Erin @ SYL: Slipcover Your Life said...

I had no idea that's how you made beads, etc in fashion illustrations! Def. learned something today!

Bee Bee said...

I wanted to thank you for sharing your experience and the tools you use. I have always wondered how you created those beautiful drawings. I use colored pencils and markers on mine, too, but not the same brands that you use. And you're right black does make the drawing looks very harsh. I wondered what was the best color to use to outline the fashions, and now, I've learned from the best. Thank you so much, Brook. I really appreciate it.

Brooke Hagel said...

Thanks for all the feedback everyone! You made my day! :)

Kiki-No, when I'm working on a sketch for myself (and not a client) I no longer do preliminary sketches. But in college I used to first do a sketch on tracing paper, work on it and fix it up then transfer it to Bienfang Graphics 360 marker paper. These days I just use a sketchbook or copy paper I have lying around. If your starting off though I'd suggest using marker paper.

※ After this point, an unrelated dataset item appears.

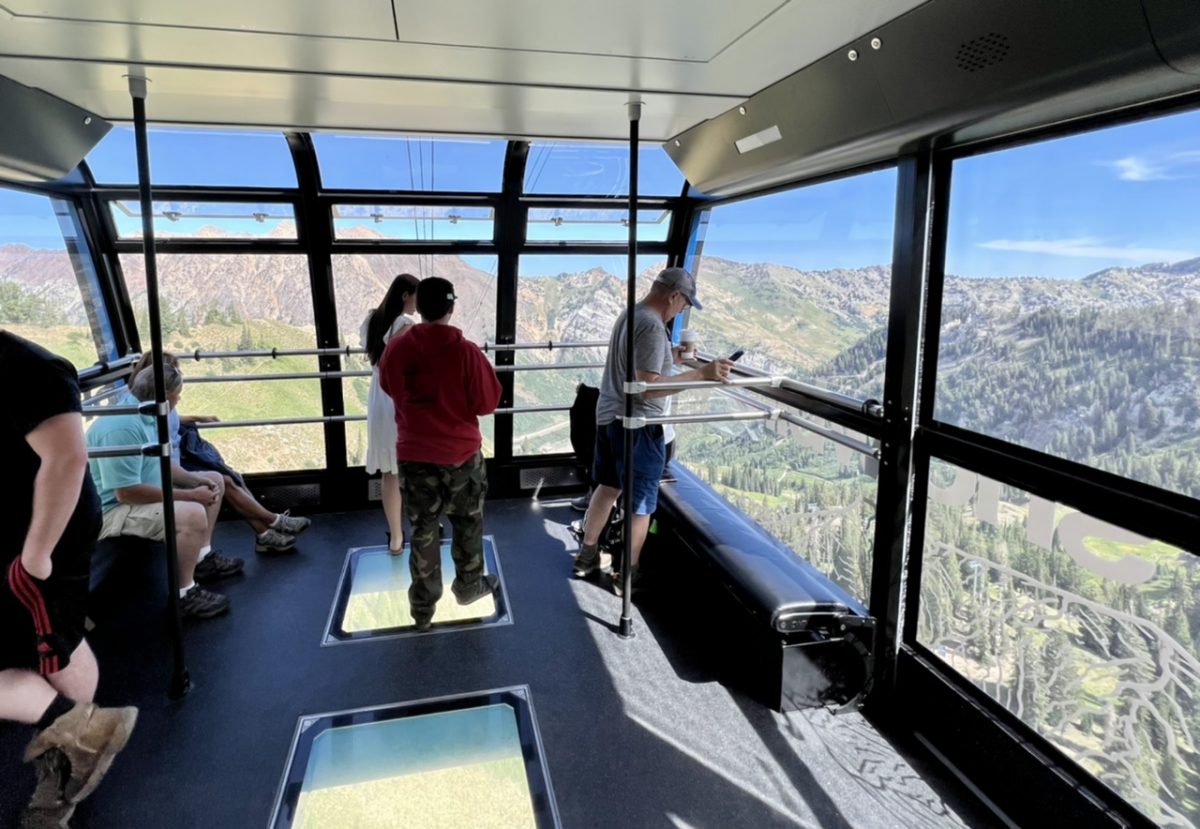 360 views from the floor to ceiling windows in the Snowbird aerial tram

Erin- Wait till the next one, I have a few more tricks up my sleeve! I didn't spill all the beans in the post. ;)

Tiffaney said...

WOW-- you read my mind! I almost emailed you last week with this exact question, and can't thank you enough for sharing this information. Your drawings are absolutely gorgeous and inspiring!

Sierra said...

Just came across your blog land from Absolutely Ladylike's blog and I am in love with your Etsy shop and illustrations! Especially because I love fashion, you are very talented.

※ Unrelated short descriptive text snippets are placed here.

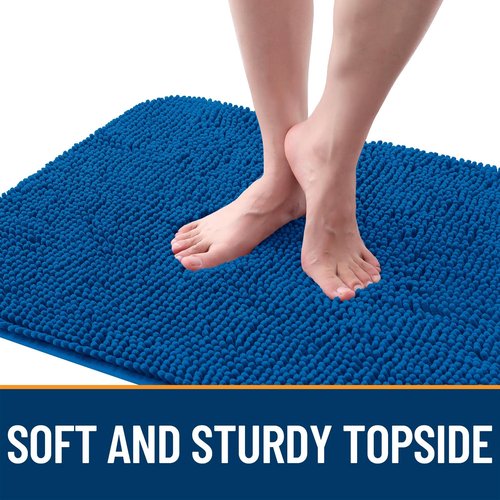 OLANLY Dog Door Mat for Muddy Paws 54x32, Absorbs Moisture and Dirt, Absorbent Non-Slip Washable Doormat, Quick Dry Chenille Mud Mat, Entry Indoor Entryway Carpet for Inside Floor, Deep Navy Blue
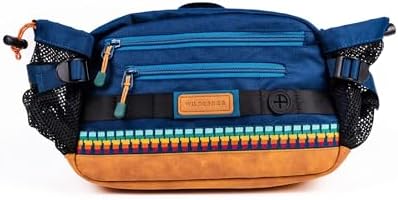 Wilderdog Mega Hip Pack with 3-Liter Capacity, Two Mesh Water Bottle Pockets, Interior Key Loops, Adjustable Straps, and Poop Bag Dispenser (Pacific Blue)
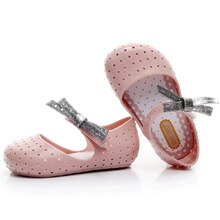 Ensomme babysko udhulede gelé baby sandaler blink bowknot spænde barnesandaler sommer toddler børn søde sko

I will certainly be back and please pop over my blog land if you are interested in a Perricone giveaway. Have a great day!

Ashley said...

Wow, I use those same watercolor markers by Staedtler and I must say you have incredible talent! I've been drawing my whole life, but never really tried to be a serious artist. So, I feel my art is slightly juvenile and now I am trying to push the envelope and really develop successfully as an artist. I came across your article and it is really helpful to see what tools are best. Thanks!

jeofferson said...

i'm quite envious with all your creations. it's very inspiring. i myself do some fashion illustrations but its just a hobby, no training of some sort. and just looking at your creations, the details and colors, mine would just look so amateur... LOL... hope someday i can create something close to what you've made.